Also, ich bin evangelischer Christ und glaube auch an Gott. Ich gebe zu, daß dieser Glaube auch Mittel zum Zweck ist, seit mein Vater starb. Ich will mich einfach nicht damit abfinden, daß ich ihn nie wieder sehe...
Ich finde es sehr wichtig, was Tex gesagt hat: jedwede Art der Gängelung, der Kanalisierung des Lebens anderer in übertriebenem Maße ist nicht akzeptabel. Ich meine damit beispielsweise das christliche Zölibat. Würde sich Gott sowas ausdenken?? Sicher nicht. Ich meine damit die Rolle der Frau im Islam. Was würde Allah dazu sagen? Ich meine damit die Beschneidung der Juden.
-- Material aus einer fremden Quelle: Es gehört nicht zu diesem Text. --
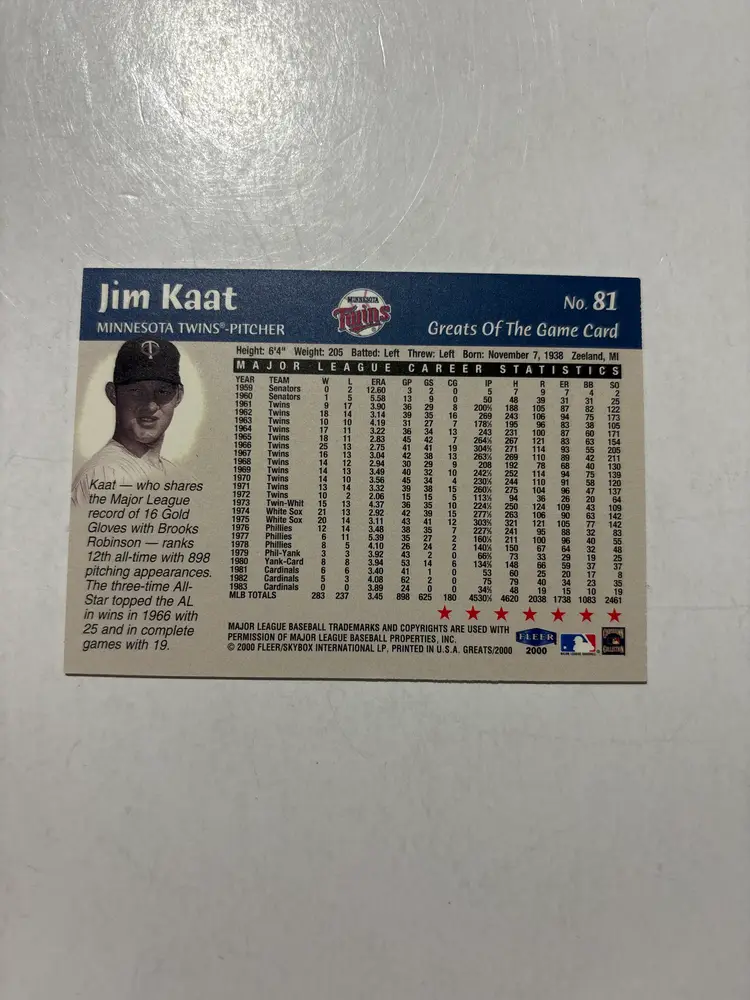 Jim Kaat - 2000 Fleer Greats of the Game # 81 signed Minnesota Twins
Es gibt viele Dinge, die im Namen der Religion (und vielleicht sogar in guten Absichten) das Leben anderer ohne höheren Sinn zum negativen verändern.
Wenn man über ein solches Thema diskutiert, dann muss man sich fragen: was ist denn Religion überhaupt. Und was bringt sie uns? Die Frage soll unabhängig von der Existenzdiskussion gestellt werden: gibt es einen Gott oder nicht? Die Religion hat nämlich sehr viel wichtigere Funktionen als das. Es hat einen Grund, daß Völker oder Stämme, so "unterentwickelt" sie auch sein mögen, fast immer doch einen religiösen Glauben besitzen. Religion übt hier die Funktion einer übergeordneten Regeleinheit aus. Menschen brauchen Regeln. Religion liefert sie. Dabei sind Dinge wie die zehn gebote ja durchaus nicht verachtenswert. Würden sich alle an sie halten, hätten wir eine sehr viel bessere Welt. Ganz sicher gibt es auch in den anderen Religionen Moralregeln von erstrebenswerter Wichtigkeit. Religion dient also der Gemeinschaft.
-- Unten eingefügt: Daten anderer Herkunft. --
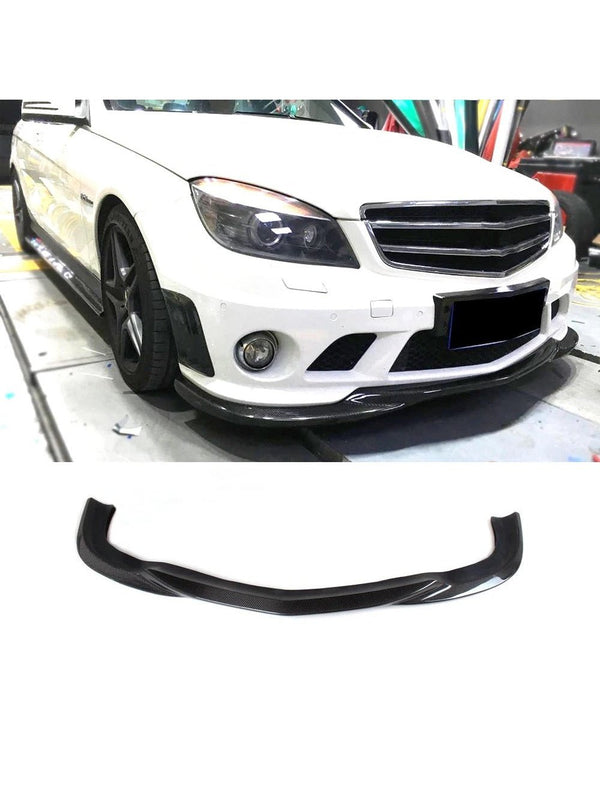 Mercedes W204 C Class Front Lip V2 - Carbon Fiber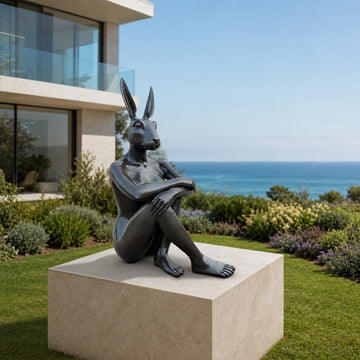 Rabbitwoman Was Content (Bronze Sculpture, Mid-Size)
Weiterhin ist der Glaube eine wichtige seelische Stütze. Jeder Mensch glaubt an etwas, auch Atheisten (sie glauben, daß es keinen Gott gibt). Als solche ist die Religion sehr wichtig. Neulich erst habe ich eine Studie gelesen: religiöse Menschen leben im Schnitt länger und vor allem sehr viel gesünder. Ich kann das nachvollziehen. Eine seelische Stütze zu besitzen mit der Möglichkeit, in Not beten zu können und zu glauben, erhört zu werden, das ist etwas sehr beruhigendes.
Was die zahlreichen Religionen angeht, so meine ich, daß wir alle im prinzip den gleichen, großen Elefanten betrachten, nur jeder von einer anderen Seite. Ich bin da sehr liberal, ich akzeptiere und toleriere jede Glaubensrichtung. Ich sträube und verabscheue, wie eingangs erwähnt, jedoch jede Art der unsinnigen und menschenverachtenden Lebensgängelung. Von verbrecherischen Unternehmungen im Namen der Religion brauchen wir ja gar nicht reden.